Dr. Kemp received a BA in Biology from Case Western Reserve University, an MS in Fisheries Toxicology from Oregon State University and PhD in Experimental Oncology from the University of Wisconsin, Madison.  His PhD thesis focused on the genetic and hormonal basis of hepatocellular carcinoma using mouse models.  He did postdoctoral research with Allan Balmain at the Beatson Institute for Cancer Research in Glasgow Scotland studying the role of Hras and p53 in multistage cancer using mouse models.  He has been at the Fred Hutchinson Cancer Research Center for over 23 years where he studied the role of tumor suppressor genes including p19/Arf, Atm, Cdkn1b/p27 and Ctcf in cancer progression.  He is currently using functional genomic approaches to identify new cancer drug targets using a range of patient derived tumor models. 

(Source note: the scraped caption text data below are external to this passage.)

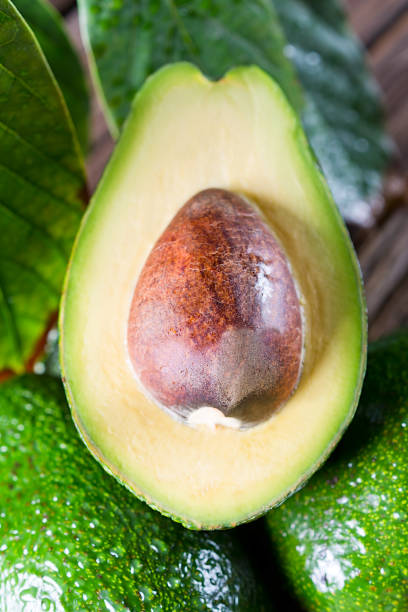 istock Fresh organic avocado on old wooden table. 643950826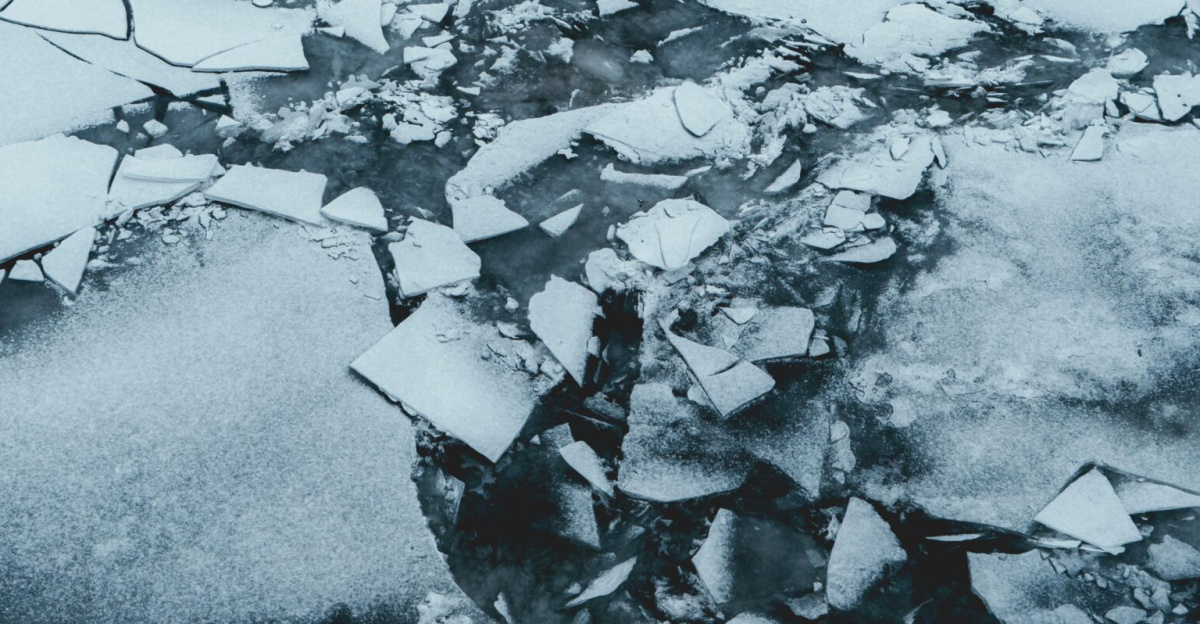 Abstract image of shattered ice pieces floating on a cold winter lake.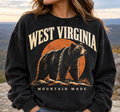 Woman modeling black West Virginia Mountain Made black bear crewneck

Highlights of Dr. Kemp’s 30 year research career in studying the environmental and genetic basis of cancer using mouse models include the following.   1.Discovery of a causal role for p53 in tumor progression and metastasis (Kemp et al., 1993). 2) Discovery that p53 is a major barrier to ionizing radiation induced carcinogenesis (Kemp et al., 1994).  3) Discovery of synthetic lethality between DNA repair genes DNA-PK and Atm, the first such example in mammals and predating the current interest in synthetic lethality in cancer research by many years (Gurley and Kemp, 2001).  4) Discovery that p27 is a tumor suppressor gene (Fero et al., 1998).  5)  Discovery of the first example of a haploinsufficient tumor suppressor, thus modifying one of the central dogmas in cancer research (e.g. Knudson’s two hit hypothesis).   The concept of tumor suppressor haploinsufficiency is now firmly integrated in the field of cancer genetics (Payne and Kemp, 2005).  6) Discovery of a novel p53 independent apoptotic pathway that is regulated by DNA-PK (Gurley et al., 2009).  7) Discovery that the DNA binding protein CTCF is a haploinsufficient tumor suppressor gene (Kemp et al., 2014). 8) Pioneering the application of proteomics to mouse models of cancer for early detection research (Pitteri et al., 2011; Whiteaker et al., 2011; Taguchi et al., 2011).  9) Development and application of a functional genetics platform to both human and mouse derived tumor cells to identify new cancer drug targets (Moser et al., 2014, Xu et al, 2018).